Imagine if I were to tell you, you could choose anyone you wanted to be on your team for a new project. Who would you choose? Many of you would select the smartest people you knew, those ones with the deep technical skills. The reason for this is that many people believe that successful teams are made up of the smartest people. But what if this wasn't the case? What if there was something else?
I have blogged about Super Chickens before, but the TL;DR on it is that if you put the best chickens together, the ones that produce the most eggs, they literally start pecking each other to death! If we take this analogy and apply it to humans, we see that having the best people on the team doesn't ensure success and can in fact lead to disaster!
Now you may be thinking just because it applies to chickens, doesn't necessarily means it applies to humans. Well, that may be true! So lets to Google who decided to run an experiment to determine why some of their teams were wildly successful and others were just average. Their initial beliefs were that the best teams came from combining the best people and so Project Aristotle was born. They hired statisticians, psychologists and researchers to crack the code and after 2 years of studying 180 Google teams and over 250 attributes. What they found were a few characteristics that made successful teams, but one of them stuck out…Psychological Safety.
Now some of you may be wondering, "What exactly is Psychological Safety?" Basically, it can be described as
The shared feeling that it's OK to be open and honest in a group setting.
That sounds so easy, so what makes it so hard? Well, it's because we don't want to be seen as incompetent when we make a mistake or don't know something and we may even be seen as negative when we challenge ideas. Personally, I have experienced this many times in my career where I have been afraid of asking that "stupid" question in fear of looking like a fool. But every time we do this we are denying ourselves and the other people in the team with the opportunity to learn. More than likely, there are people thinking the same question as you, and are also afraid to ask.
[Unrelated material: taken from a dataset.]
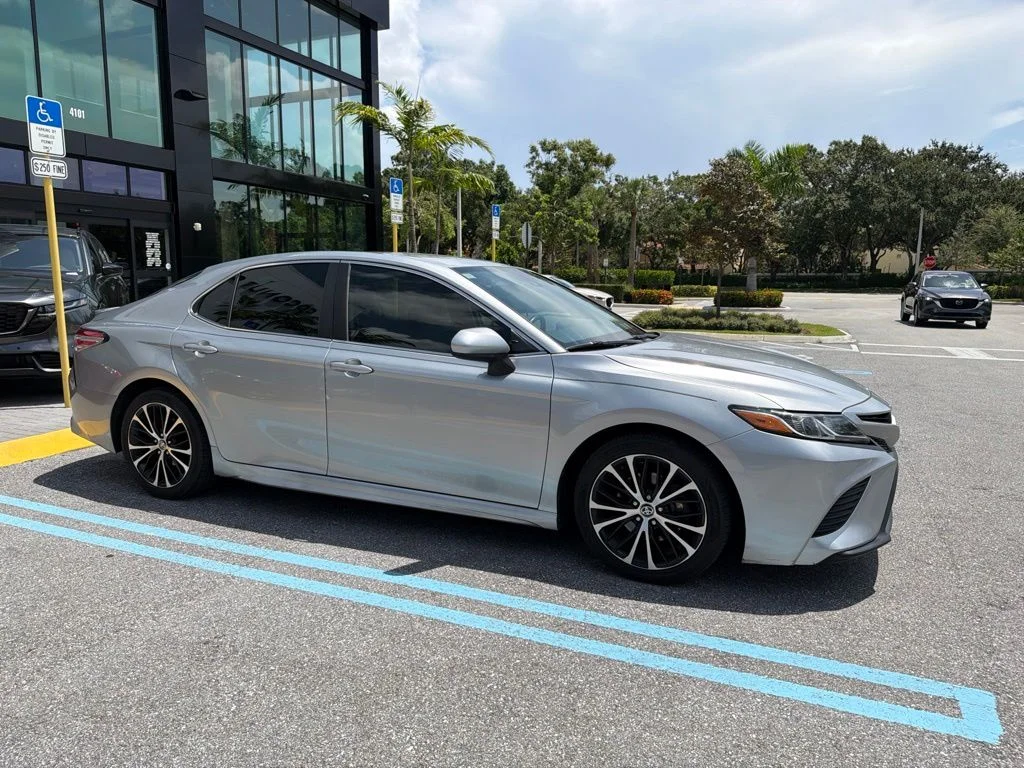 Used 2020 Celestial Silver Metallic Toyota SE image 4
Creating psychological safety in a team seems easy, yet it is deceptively hard. Breaking down those mental barriers, the ones which have built up over the years and are preventing people from speaking their mind takes a lot of effort.
How do you improve Psychological Safety?
The following are a few things that you can try to increase psychological safety in your team:
Whenever you have a meeting or discussion, re-iterate that it is expected that everyone will ask questions and disagree if they feel the need. No one should be afraid to raise any concerns. At the end of the day, we need to have everyone's voices and opinions to make this a success.
"I don't know everything"
No one knows everything, so why do we bother and pretend we do. Most of the time people see through this. Show your humility in saying that you don't know it. By doing this you become more relatable…more human.
If you ask questions, even simple ones, it can help in getting discussions going. A good technique that I have found is to ask questions, even if you know the answers. This helps demonstrate to the team that it is okay to ask any question, even if they seem "stupid".
Speak About It
I have found that talking about during your 1:1 sessions has been quite beneficial. Explain to them what you are trying to achieve and try figure out what is preventing them from speaking their mind.
When people open up and tell people about your personal lives at work. Your team will get a different view of you and by seeing that they will model the same behaviours.